Autre élément important dans ce livre : les salons, qui sont toujours présents. Ici, l’aristocrate (ou bourgeoise) qui m’a le plus agacée est Mme Verdurin. Tant d’hypocrisie, de dédain, de stupidité, de lustre dans une même personne … Elle ne pense qu’à son bien-être personnel, à la tenue de son petit salon. Elle a des « fidèles » qui doivent venir tous les mercredis ; en somme, leur vie doit tourner autour d’elle. Encore une fois, tout n’est qu’apparence dans le milieu mondain. C’est à celui qui reçoit le plus, ou qui semble le plus comme ci ou le plus comme ça. Quand on tient salon, il faut penser à ne pas inviter untel en même temps qu’untel, parce qu’ils ne se supportent pas, et il serait bien d’avoir untel, mais il est dans une société bien plus élevée, alors on fait comme si c’était notre choix qu’il ne soit pas là. C’est un monde fait de faux-semblants, de jalousie, de coups bas, de rumeurs, de préjugés, de fausseté, d’hypocrisie ; ce doit encore être le cas de nos jours bien sûr. Le narrateur, lui, va dans les salons sans prendre garde à qui est invité ou ne l’est pas, et mentionne qu’il se fiche du rang social de ses amis. Il fait pourtant attention à ne pas commettre d’impair, parle comme il se doit à chaque personne, devine même comment leur plaire, notamment avec Mme de Cambremer. Le traitement de la mort, également, dans les salons, est choquante : quelqu’un qui avait l’habitude de venir meurt, mais on ne doit surtout pas le pleurer, on doit faire comme d’habitude, après tout, ce n’est pas si grave ! (!!!!)

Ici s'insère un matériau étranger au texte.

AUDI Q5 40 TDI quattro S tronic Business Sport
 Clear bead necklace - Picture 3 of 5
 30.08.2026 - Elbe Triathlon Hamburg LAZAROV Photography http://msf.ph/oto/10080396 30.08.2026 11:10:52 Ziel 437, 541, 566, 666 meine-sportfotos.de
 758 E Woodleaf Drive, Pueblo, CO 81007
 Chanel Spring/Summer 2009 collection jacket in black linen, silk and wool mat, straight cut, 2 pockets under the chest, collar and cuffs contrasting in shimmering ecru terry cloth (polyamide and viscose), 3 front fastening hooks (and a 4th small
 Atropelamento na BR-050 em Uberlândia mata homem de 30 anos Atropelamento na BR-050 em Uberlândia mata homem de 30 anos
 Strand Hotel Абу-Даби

Aussi, le narrateur, qui a perdu ses illusions au tome précédent, continue tout de même ses comparaisons mythologiques que j’adore, mais plus seulement à propos des aristocrates : c’est plus la nature, ou un homme « normal » qui sera comparé à un dieu. Cela apporte d’autant plus de poésie au livre. Le nom est toujours important, et son étymologie est ici décortiquée, ce que j’ai trouvé intéressant (back en cours d’ancien français haha !) ; malheureusement, cela lui fait aussi perdre de sa magie, comme dans le tome précédent les noms des aristocrates. Ainsi la poésie du nom est-elle retirée au lieu. L’humour est également présent (ce qui peut sembler étrange) notamment dans les scènes de salon, où les personnages se rendent parfois tellement ridicules ! Le lecteur ressent aussi de l’émotion, puisque le narrateur ressent le contre-coup de la mort de sa grand-mère, mais aussi par rapport à M. de Charlus, comme je le disais plus haut. Enfin, comme dans le tome précédent, même si je ne l’ai pas mentionné, le narrateur fait des allusions à ce qui va arriver ensuite dans d’autres tomes, ce qui crée une espèce de suspense, comme le fait de mentionner qu’une décision est une erreur, comme le lecteur s’en rendra compte plus tard. Petit plus : petit jeu du narrateur avec le lecteur au début du tome !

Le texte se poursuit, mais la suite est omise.